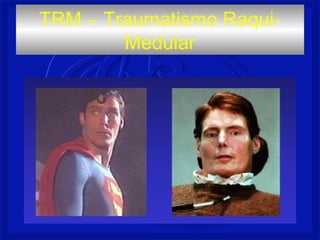 TRM – Traumatismo Raqui-
Medular
 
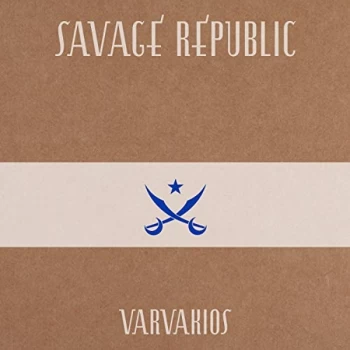 Image of Savage Republic - Varvakios CD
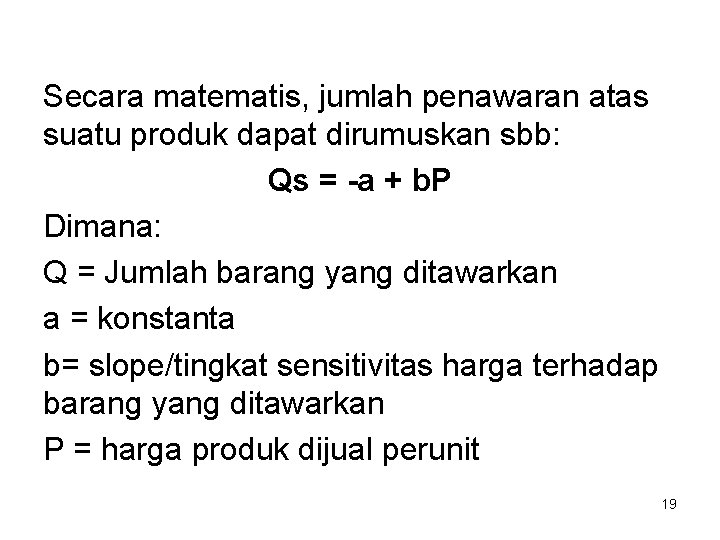 Secara matematis, jumlah penawaran atas suatu produk dapat dirumuskan sbb: Qs = -a +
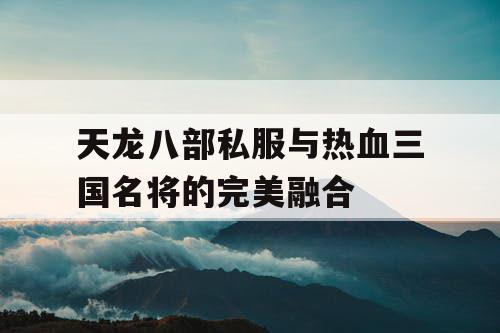 天龙八部私服与热血三国名将的完美融合 天龙八部私服与热血三国名将的完美融合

:::::

* [TASK STATEMENT]
Without the pictures, return the whole of the data exactly as given.

* [ANSWER TO THIS EXERCISE]
 TRM – Traumatismo Raqui-
Medular
 
 Image of Savage Republic - Varvakios CD
 Secara matematis, jumlah penawaran atas suatu produk dapat dirumuskan sbb: Qs = -a +
 天龙八部私服与热血三国名将的完美融合 天龙八部私服与热血三国名将的完美融合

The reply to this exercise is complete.